Когда наконец они повернули с двух разных тротуаров в Гороховую и стали подходить к дому Рогожина, у князя стали опять подсекаться ноги, так что почти трудно было уж и идти. Было уже около десяти часов вечера. Окна на половине старушки стояли, как и давеча, отпертые, у Рогожина запертые, и в сумерках как бы еще заметнее становились на них белые спущенные сторы. Князь подошел к дому с противоположного тротуара; Рогожин же с своего тротуара ступил на крыльцо и махал ему рукой. Князь перешел к нему на крыльцо.
- Про меня и дворник не знает теперь, что я домой воротился. Я сказал давеча, что в Павловск еду, и у матушки тоже сказал, - прошептал он с хитрою и почти довольною улыбкой; - мы войдем и не услышит никто.
В руках его уже был ключ. Поднимаясь по лестнице, он обернулся и погрозил князю, чтобы тот шел тише, тихо отпер дверь в свои комнаты, впустил князя, осторожно прошел за ним, запер дверь за собой и положил ключ в карман.
- Пойдем, - произнес он шепотом.
Он еще с тротуара на Литейной заговорил шепотом. Несмотря на все свое наружное спокойствие, он был в какой-то глубокой внутренней тревоге. Когда вошли в залу, пред самым кабинетом, он подошел к окну и таинственно поманил к себе князя:
- Вот ты как давеча ко мне зазвонил, я тотчас здесь и догадался, что это ты самый и есть; подошел к дверям на цыпочках, и слышу, что ты с Пафнутьевной разговариваешь, а я уж той чем свет заказал: если ты, или от тебя кто, али кто бы то ни был, начнет ко мне стукать, так чтобы не сказываться ни под каким видом; а особенно если ты сам придешь меня спрашивать, и имя твое ей объявил. А потом, как ты вышел, мне пришло в голову: что если он тут теперь стоит и выглядывает, али сторожит чего с улицы? Подошел я к этому самому окну, отвернул гардину-то, глядь, а ты там стоишь, прямо на меня смотришь… Вот как это дело было.
- Где же… Настасья Филипповна? - выговорил князь задыхаясь.

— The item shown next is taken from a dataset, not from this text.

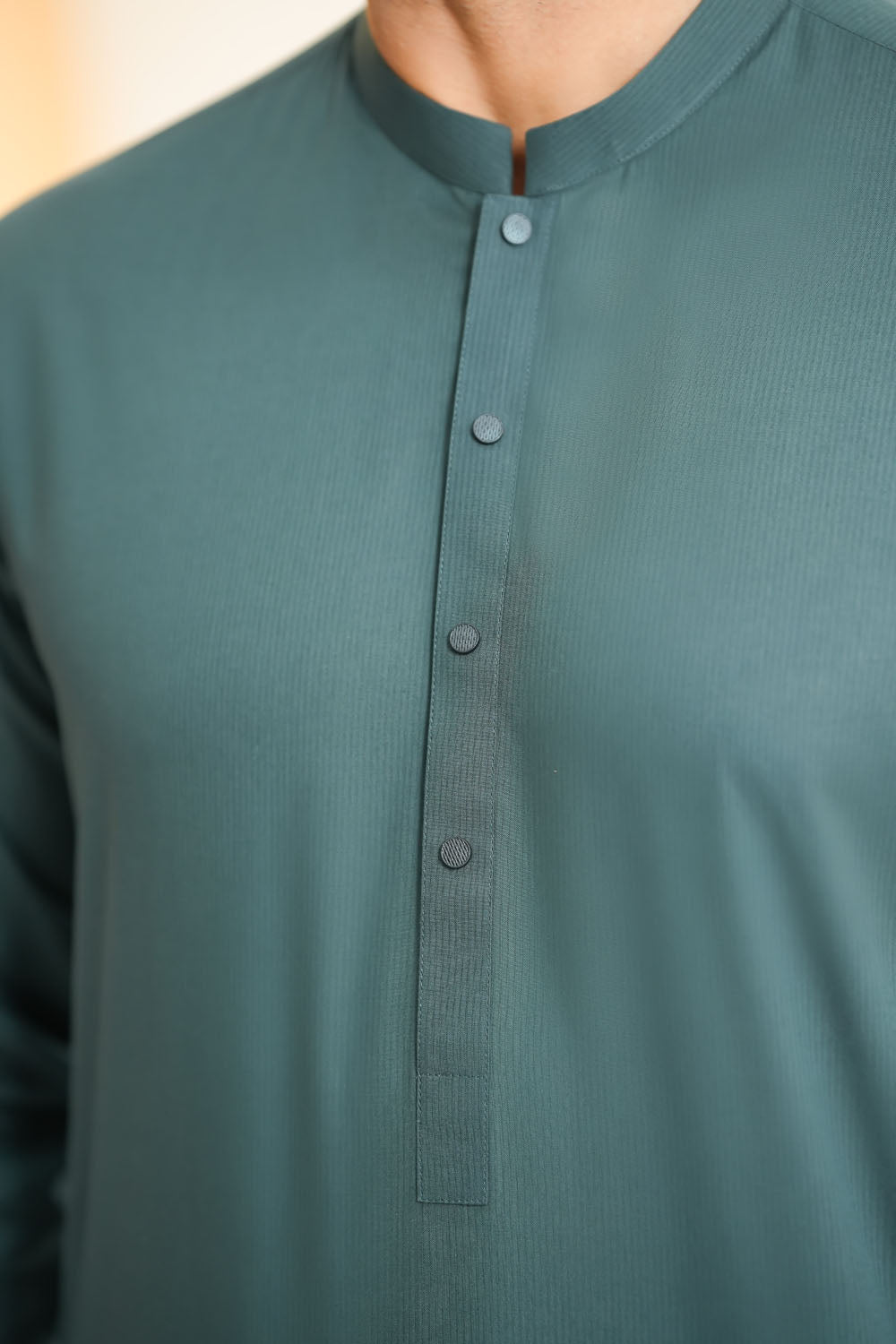 Green Plain Kurta Shalwar by Al Deebaj, photo 2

- Она… здесь, - медленно проговорил Рогожин, как бы капельку выждав ответить.
- Где же?
Рогожин поднял глаза на князя и пристально посмотрел на него:
- Пойдем…
Он все говорил шепотом и не торопясь, медленно и, попрежнему, как-то странно задумчиво. Даже когда про стору рассказывал, то как будто рассказом своим хотел высказать что-то другое, несмотря на всю экспансивность рассказа.
Вошли в кабинет. В этой комнате, с тех пор как был в ней князь, произошла некоторая перемена: через всю комнату протянута была зеленая, штофная, шелковая занавеска, с двумя входами по обоим концам, и отделяла от кабинета альков, в котором устроена была постель Рогожина. Тяжелая занавеска была спущена, и входы закрыты. Но в комнате было очень темно; летние "белые" петербургские ночи начинали темнеть, и если бы не полная луна, то в темных комнатах Рогожина, с опущенными сторами, трудно было бы что-нибудь разглядеть. Правда, можно было еще различать лица, хотя очень неотчетливо. Лицо Рогожина было бледно, по обыкновению; глаза смотрели на князя пристально, с сильным блеском, но как-то неподвижно.

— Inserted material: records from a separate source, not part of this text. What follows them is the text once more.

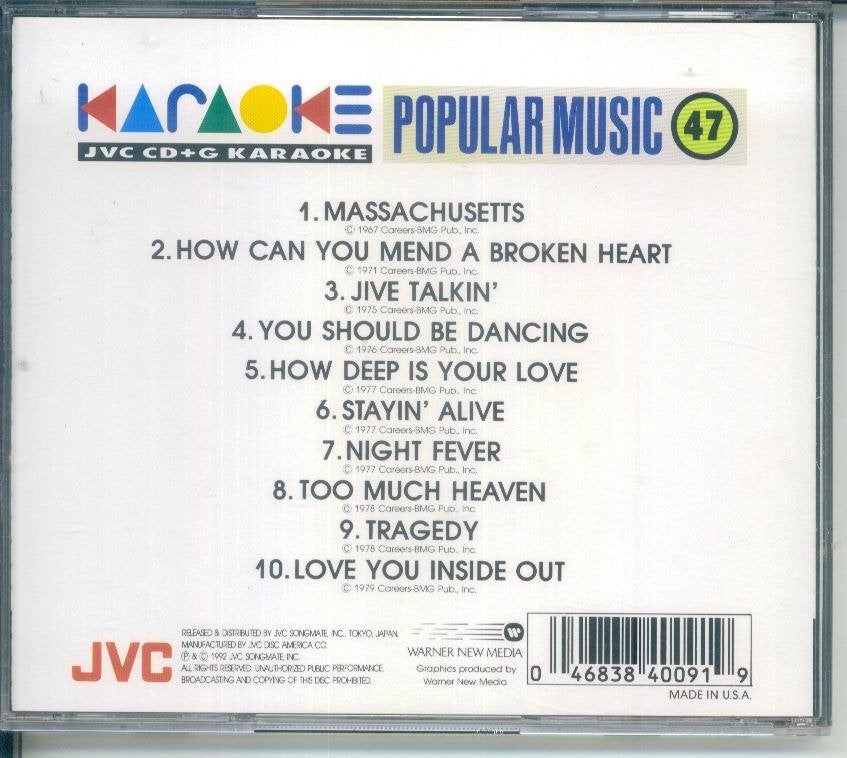 cd van Karaoke Popular Music 47 [ jvc CD+G], Verzenden, Zo goed als nieuw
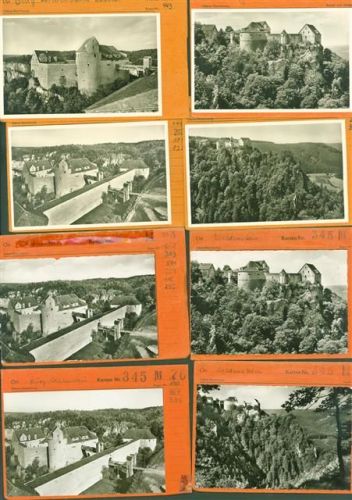 Beuron Lot mit 22 AK Burg Wildenstein Musterkarten Original aus Metzarchiv Bestellvorgänge und Auflagenzahlen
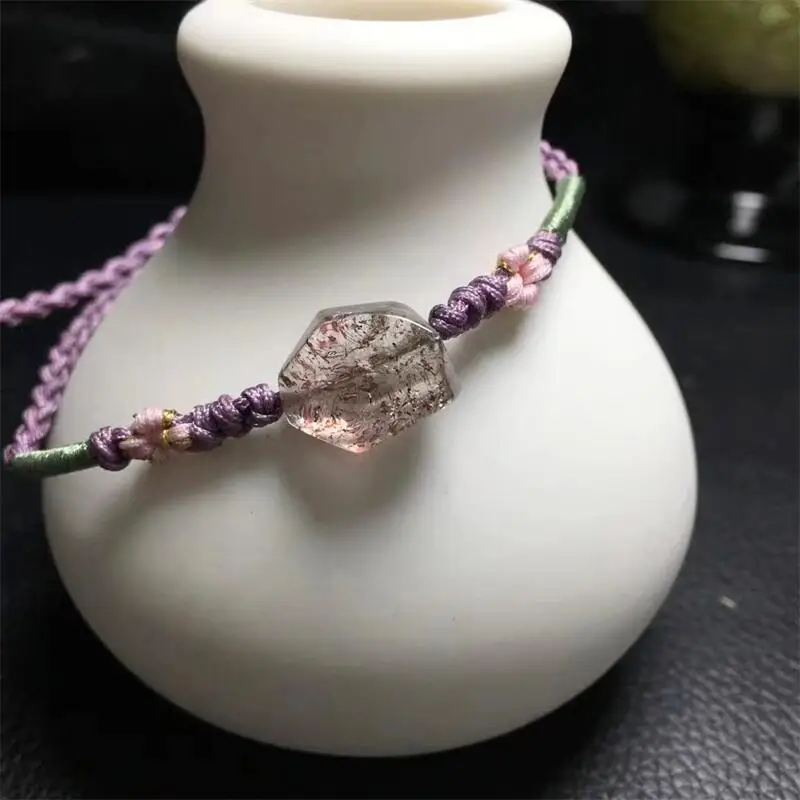 Pulsera de cuarzo tejido de forma libre, brazalete de Gema Natural, Chakra curativo, alivio del estrés, Yoga, Reiki, 1 piezas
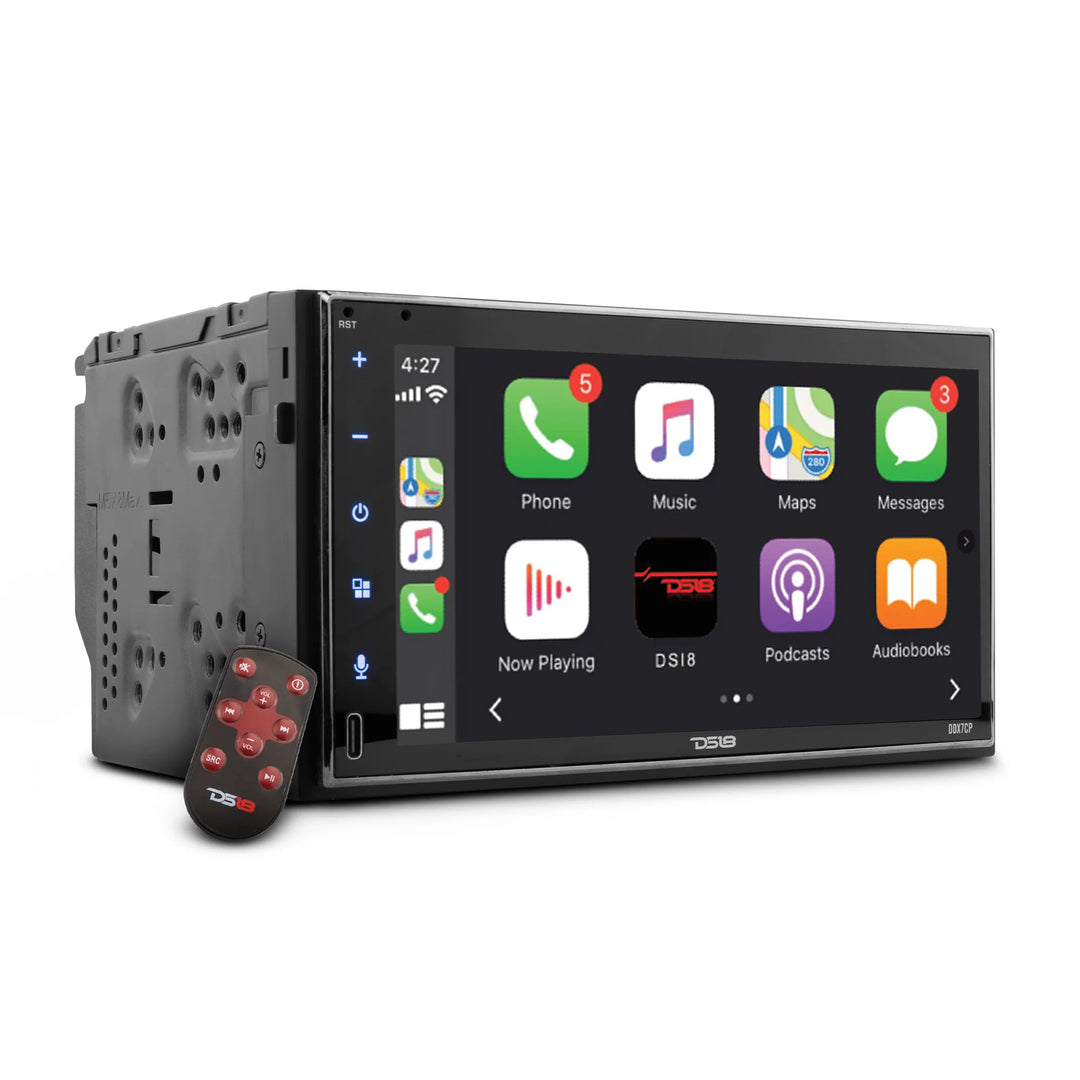 Unidad principal DS18 DDX7CP de doble DIN con pantalla táctil de 7" - Bluetooth, USB, AUX, SD, Mirror Link y CarPlay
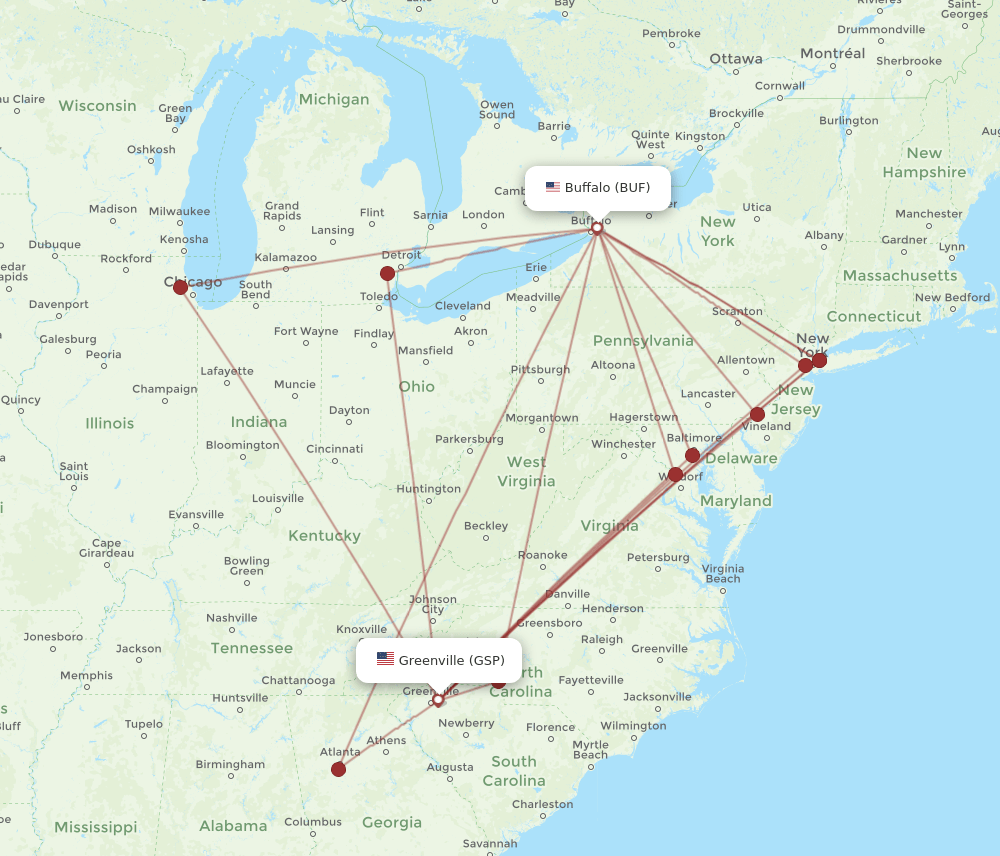 BUF to GSP flights and routes map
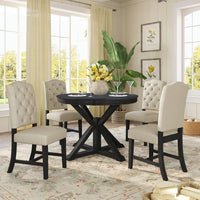 Style Dining Table Set with Extendable Table and 4 Upholstered Chairs for Dining Room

- Ты бы свечку зажег? - сказал князь.
- Нет, не надо, - ответил Рогожин, и, взяв князя за руку, нагнул его к стулу; сам сел напротив, придвинув стул так, что почти соприкасался с князем коленями. Между ними, несколько сбоку, приходился маленький, круглый столик. - Садись, посидим пока! - сказал он, словно уговаривая посидеть. С минуту молчали. - Я так и знал, что ты в эфтом же трактире остановишься, - заговорил он, как иногда, приступая к главному разговору, начинают с посторонних подробностей, не относящихся прямо к делу; - как в коридор зашел, то и подумал: а ведь, может, и он сидит, меня ждет теперь, как я его, в эту же самую минуту? У учительши-то был?

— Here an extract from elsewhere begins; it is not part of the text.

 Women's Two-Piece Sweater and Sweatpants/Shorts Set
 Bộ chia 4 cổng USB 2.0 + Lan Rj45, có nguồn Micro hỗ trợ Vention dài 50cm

- Был, - едва мог выговорить князь от сильного биения сердца.
- Я и об том подумал. Еще разговор пойдет, думаю… а потом еще думаю: я его ночевать сюда приведу, так чтоб эту ночь вместе…
- Рогожин! Где Настасья Филипповна? - прошептал вдруг князь и встал, дрожа всеми членами. Поднялся и Рогожин.
- Там, - шепнул он, кивнув головой на занавеску.
- Спит? - шепнул князь.
Опять Рогожин посмотрел на него пристально, как давеча.
- Аль уж пойдем!.. Только ты… ну, да пойдем!
Он приподнял портьеру, остановился и оборотился опять к князю:
- Входи! - кивал он за портьеру, приглашая проходить вперед. Князь прошел.
- Тут темно, - сказал он.
- Видать! - пробормотал Рогожин.
- Я чуть вижу… кровать.
- Подойди ближе-то, - тихо предложил Рогожин. Князь шагнул еще ближе, шаг, другой, и остановился. Он стоял и всматривался минуту или две; оба, во все время, у кровати ничего не выговорили; у князя билось сердце, так что, казалось, слышно было в комнате, при мертвом молчании комнаты. Но он уже пригляделся, так что мог различать всю постель; на ней кто-то спал, совершенно неподвижным сном; не слышно было ни малейшего шелеста, ни малейшего дыхания. Спавший был закрыт с головой, белою простыней, но члены как-то неясно обозначались; видно только было, по возвышению, что лежит протянувшись человек. Кругом, в беспорядке, на постели, в ногах, у самой кровати на креслах, на полу даже, разбросана была снятая одежда, богатое белое шелковое платье, цветы, ленты. На маленьком столике, у изголовья, блистали снятые и разбросанные бриллианты. В ногах, сбиты были в комок какие-то кружева, и на белевших кружевах, выглядывая из-под простыни, обозначался кончик обнаженной ноги; он казался как бы выточенным из мрамора и ужасно был неподвижен. Князь глядел и чувствовал, что чем больше он глядит, тем еще мертвее и тише становится в комнате. Вдруг зажужжала проснувшаяся муха, пронеслась над кроватью и затихла у изголовья. Князь вздрогнул.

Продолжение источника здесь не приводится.